Sunday, October 02, 2005

Caution: Creativity at Work!

Last week NASA released some new pictures from the Cassini probe. In particular, I was rather stricken by this photo of Saturn's eccentric little ice moon, Hyperion.



My first thought was that it looked remarkably like a giant paper wasps' nest, and this led to the idea that Toho Studios has been right all along: the universe does abound in 500-meter-tall flying space insects! Paging Mr. Godzilla!

But when I sent the link to Phil Jennings, he came back with a somewhat more interesting assessment: "Clearly it was hollow before the big hunk slid in. Now, what's the first rule about hollow moons?"

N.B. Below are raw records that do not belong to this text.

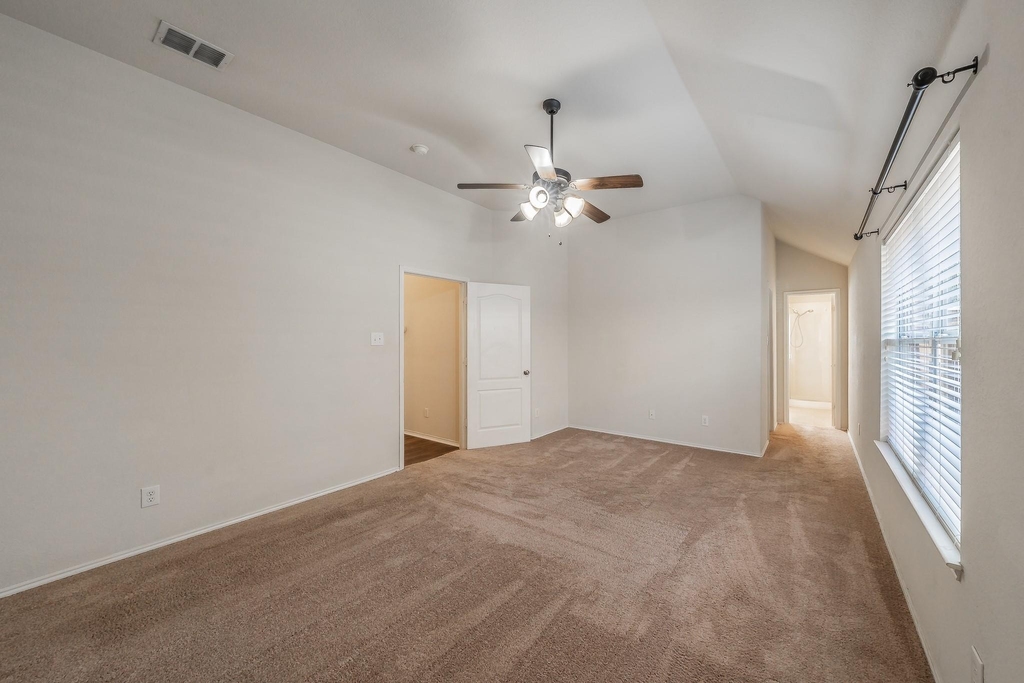 2612 Redcedar Drive - Photo 31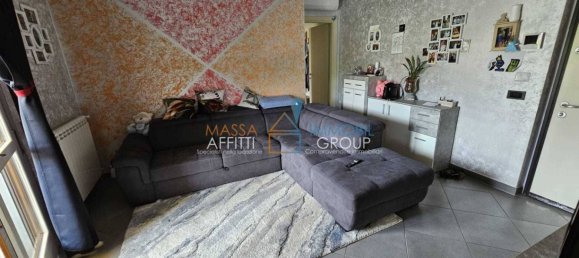 2 bedrooms Apartment in Carrara, Italy No. 31104 3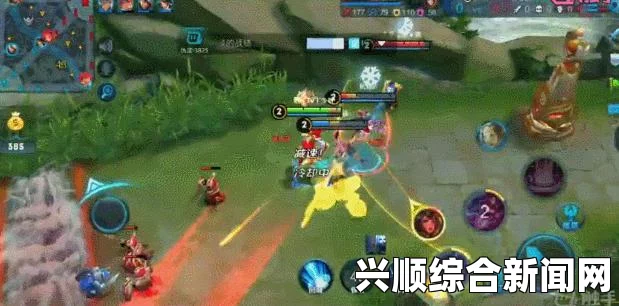 魔法年代最后的守护者—雷法师技能详解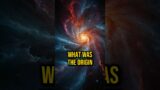 Secrets of the Universe Written in Ancient Texts #mystery #history #ancient #joerogan #billycarson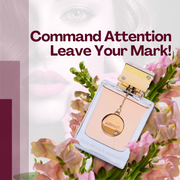 Armaf Club De Nuit Women’s 105ml Eau De Parfum Luxury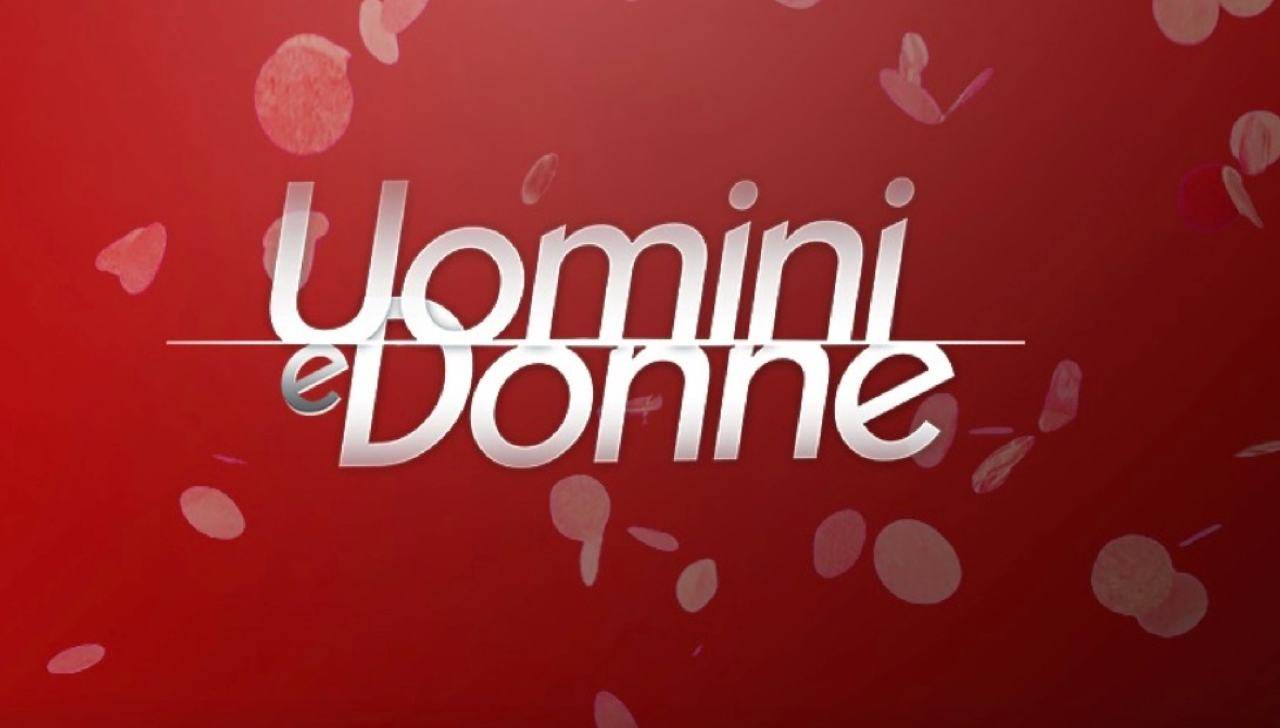 Uomini-e-Donne-solonotizie24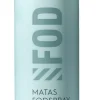 Fodspray Antiperspirant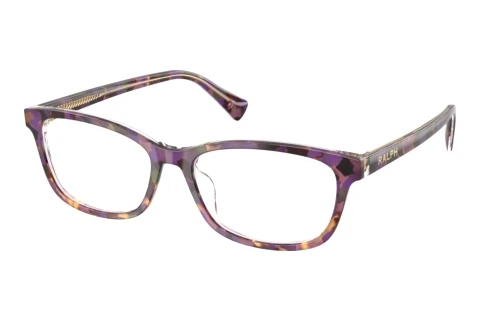 Brille Ralph RA7194U 6303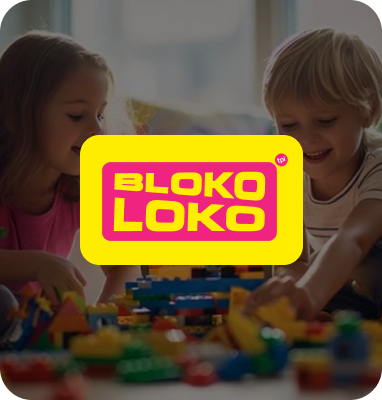 Bloko Loko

Wow! Thought suggested, synaptic gap bridged, circuit complete, new idea generated! Ka-ching! I don't know why it never occurred to me before that the cheapest way to pack along the deuterium you need for your deep space fusion drive would be simply to accrete it as thick layers of ice on the outside of the hull. Set up a robotic mining operation to carve ice off the surface and convey it inside to the reactor as you require fuel, and as an added bonus all those megatons of ice would work really well as ablative shielding. You could probably even brake the ship just by taking it into a star system at a steep angle and letting the star boil off some of the exterior mass.

As an especially attractive added bonus, any impact with ionizing radiation would simply increase the fusion fuel value of the ice, by increasing the amounts of deuterium and tritium in the mix.

Then, taking it a step further, you could carve ice off the inner (less radiated) surfaces to provide water and oxygen for the crew's quarters -- or if you built the thing with "dirty" ice in the first place and laced the ice with carbon and nitrogen contaminants -- well, between the carbon, hydrogen, oxygen, nitrogen, and heat, you've got everything you need to keep an organic biosphere going.

Of course, to minimize the energy required to keep your harvester robots working on the exterior fuel ice, you'd want to keep them working in small areas and depleting everything useful before they moved on, with the result being that over time, the exterior surface of the ship would come to resemble a vast field pock-marked with semi-spherical craters...

Okay, so how about it? This isn't a Monday Challenge, just a little gedanke experimentieren. Who built it, when, and why? Why is it apparently dead and parked in orbit around Saturn?

And are there any more of them out there?